4.   The memorandum recognises that the power to give directions under section 3A is legislative in nature. It states: "As is usual for such powers of direction there is no Parliamentary procedure". But no examples are given of other circumstances where similar powers to direct have been given and we are not persuaded that such an approach is appropriate here. The scope of the power is such that it could be used to direct all local authorities in England to make arrangements for their functions relating to the recruitment and approval of prospective adopters to be exercised by adoption societies registered under the Care Standards Act 2000. We consider it inappropriate to delegate a power of such scope without the exercise of the powers being subject to parliamentary scrutiny. In our view, the only circumstance in which it is appropriate for the power to be exercised without parliamentary scrutiny is where the direction is aimed at a single named authority and is made because of a failure on the part of the authority to carry out its functions to an adequate standard. In all other cases the powers should be exercisable by statutory instrument subject to the affirmative procedure.

Clause 6 - The Adoption and Children Act Register

5.   Clause 6 amends sections 125 to 131 of the 2002 Act. Section 125 establishes the Adoption and Children Act Register ("the Register") containing information about children who are suitable for adoption and about prospective adopters. Section 125(3) prohibits the Register from being open to public inspection or search. Under section 129, information in the Register may only be disclosed, other than for research purposes, to an adoption agency. Clause 6(4) inserts a new section 128A in the 2002 Act which confers a power on the Secretary of State to make regulations allowing prospective adopters to search and inspect the Register. The regulations can restrict the parts of the Register which prospective adopters would be allowed to search and inspect, and make access subject to prescribed terms and conditions. Regulations under section 128A are subject to the negative procedure.

6.   We are surprised that the memorandum does not give any specific indication as to why the Government consider that the negative procedure offers an appropriate level of scrutiny in this case. It states, in the context of the amendments made to sections 125 to 131 as a whole, that the negative procedure "is the appropriate level of scrutiny for regulations providing for this level of operational, administrative and procedural detail". We do not regard it as appropriate to characterise the provisions made under section 128A as being operational, administrative or procedural.

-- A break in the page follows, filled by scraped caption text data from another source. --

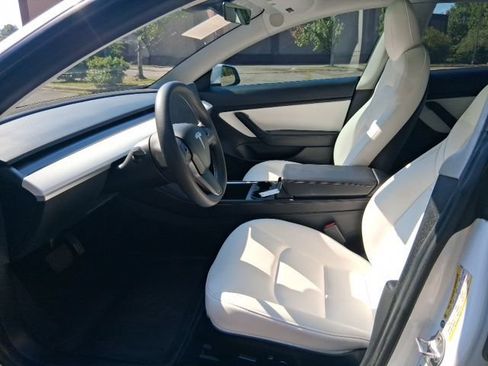 Used 2021 Tesla Model 3 Long Range AWD/4WD image 13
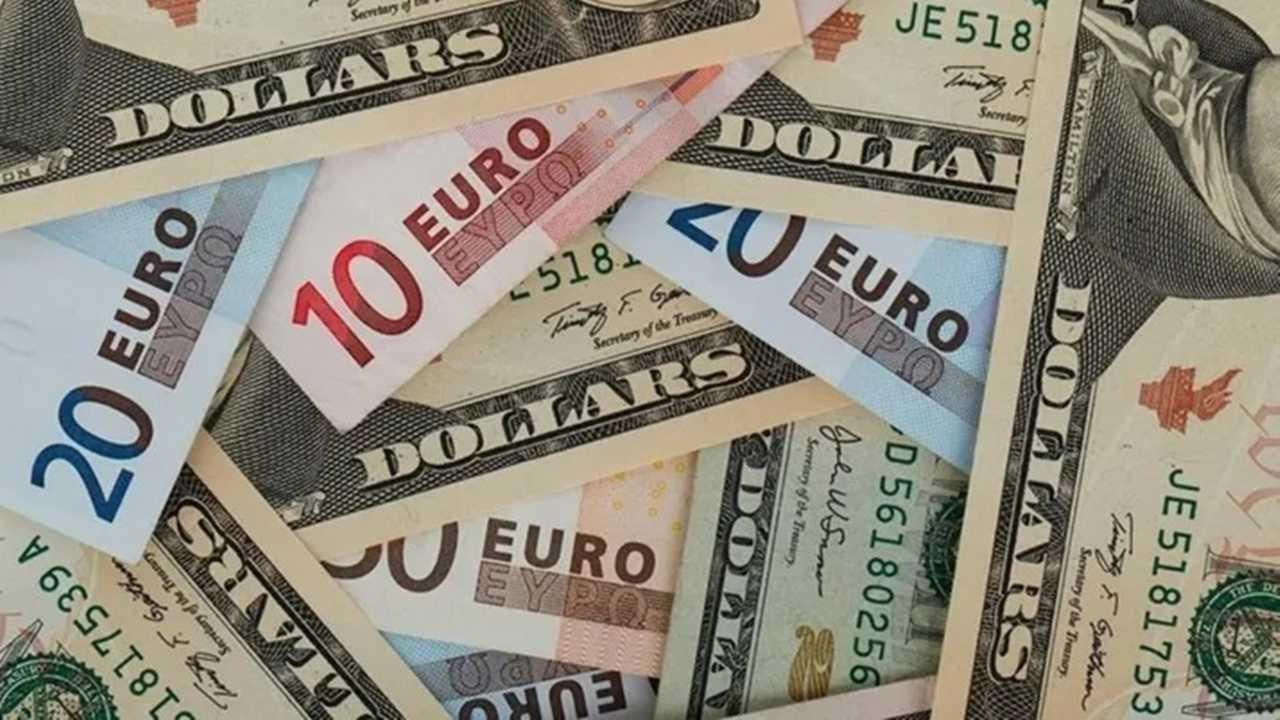 Dolar Yukseliyor Euro Dususte 3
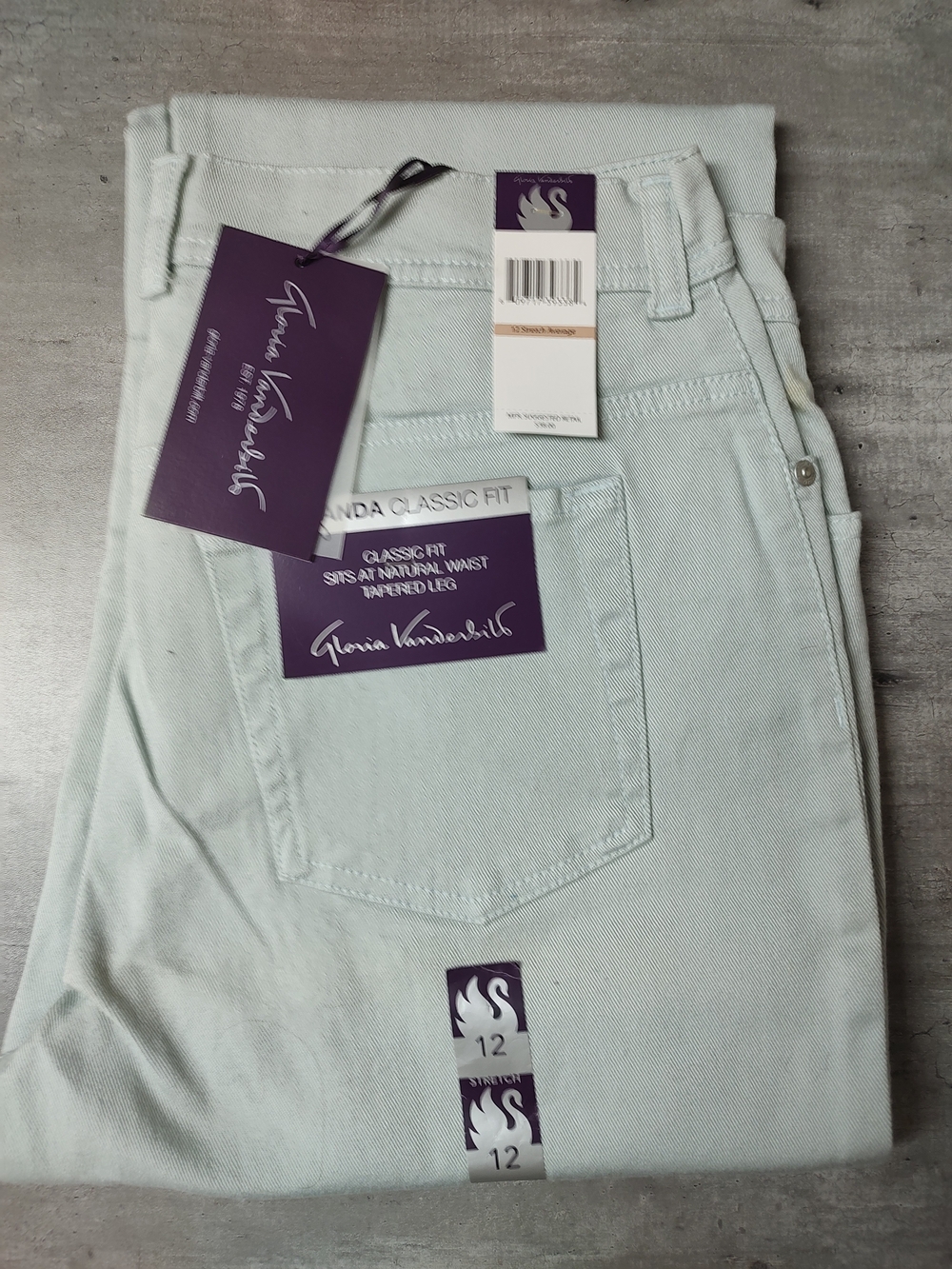 Gloria Vanderbilt Classic Fit Jeans in Ice Flower (Light Green)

We believe it constitutes an important change to the operation of the Register in that it will allow access to personal and sensitive information which otherwise only adoption agencies have access to. In our view the negative procedure does not provide a sufficient level of scrutiny, and regulations under section 128A should be subject to the affirmative procedure. The importance of ensuring that the regulations contain appropriate safeguards was made clear in paragraph 185 of the report of the House of Lords Select Committee on Adoption Legislation.[2] We have no doubt that the House will wish to have available to it the draft regulations in advance of the Committee stage of the Bill.

Clause 36 - Assessment of Education, Health and Care Needs

7.   Clause 36 is concerned with the carrying out of assessments of a child or young person's education, health and care needs (EHC needs assessment). Clause 36(11) allows regulations to make further provision about EHC needs assessments. This includes provision about how assessments are to be conducted, about expressing views and submitting evidence, and about the advice to be obtained in connection with an assessment. The regulations are subject to the negative procedure. The Department's memorandum states this level of procedure is appropriate for the level of procedural detail required and it notes that some of the matters are already dealt with in regulations subject to the negative procedure under the existing legislation (see Schedule 26 to the Education Act 1996 ("the 1996 Act").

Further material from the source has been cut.